◆ Data extract ◆
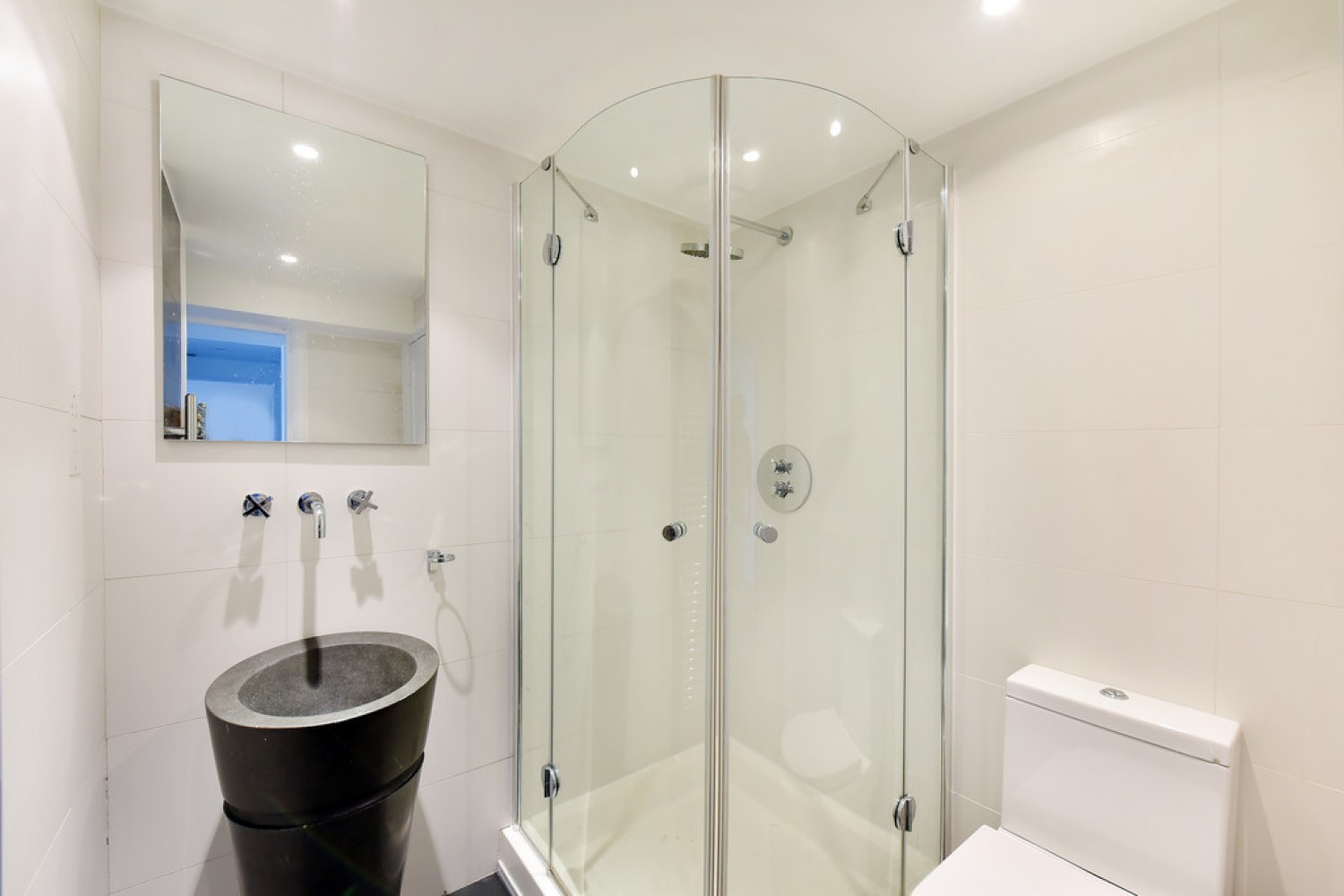 3 bedroom Flat in Chester Street, Belgravia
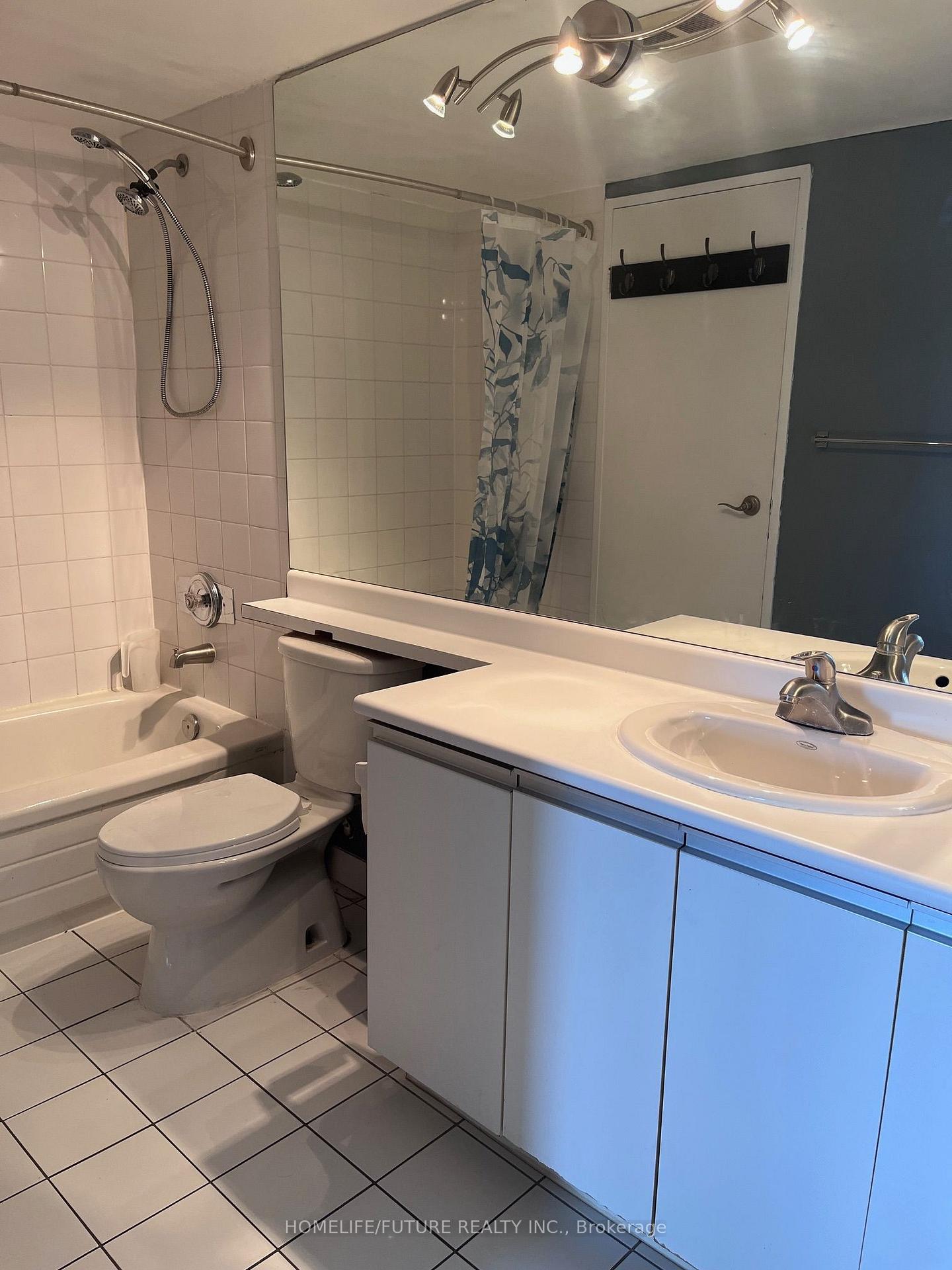 Photo 19 of Unit 1101, 550 Webb Drive, Mississauga, City Centre — HOMEH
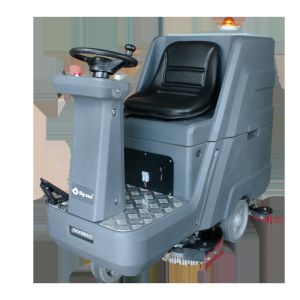 140L Big Tank Capacity Ride On Floor Scrubber Humanized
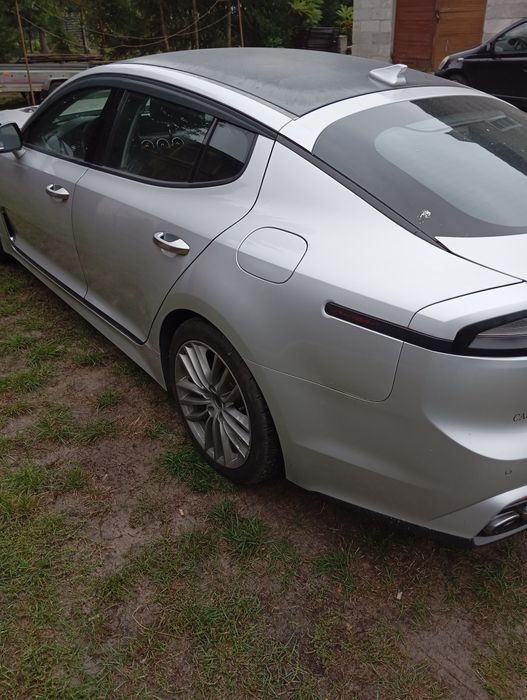 Kia stinger USA napęd na cztery koła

◆ Work required ◆
Wherever a picture appears, omit it; copy the rest of the data exactly.

◆ Task answer ◆
 3 bedroom Flat in Chester Street, Belgravia
 Photo 19 of Unit 1101, 550 Webb Drive, Mississauga, City Centre — HOMEH
 140L Big Tank Capacity Ride On Floor Scrubber Humanized
 Kia stinger USA napęd na cztery koła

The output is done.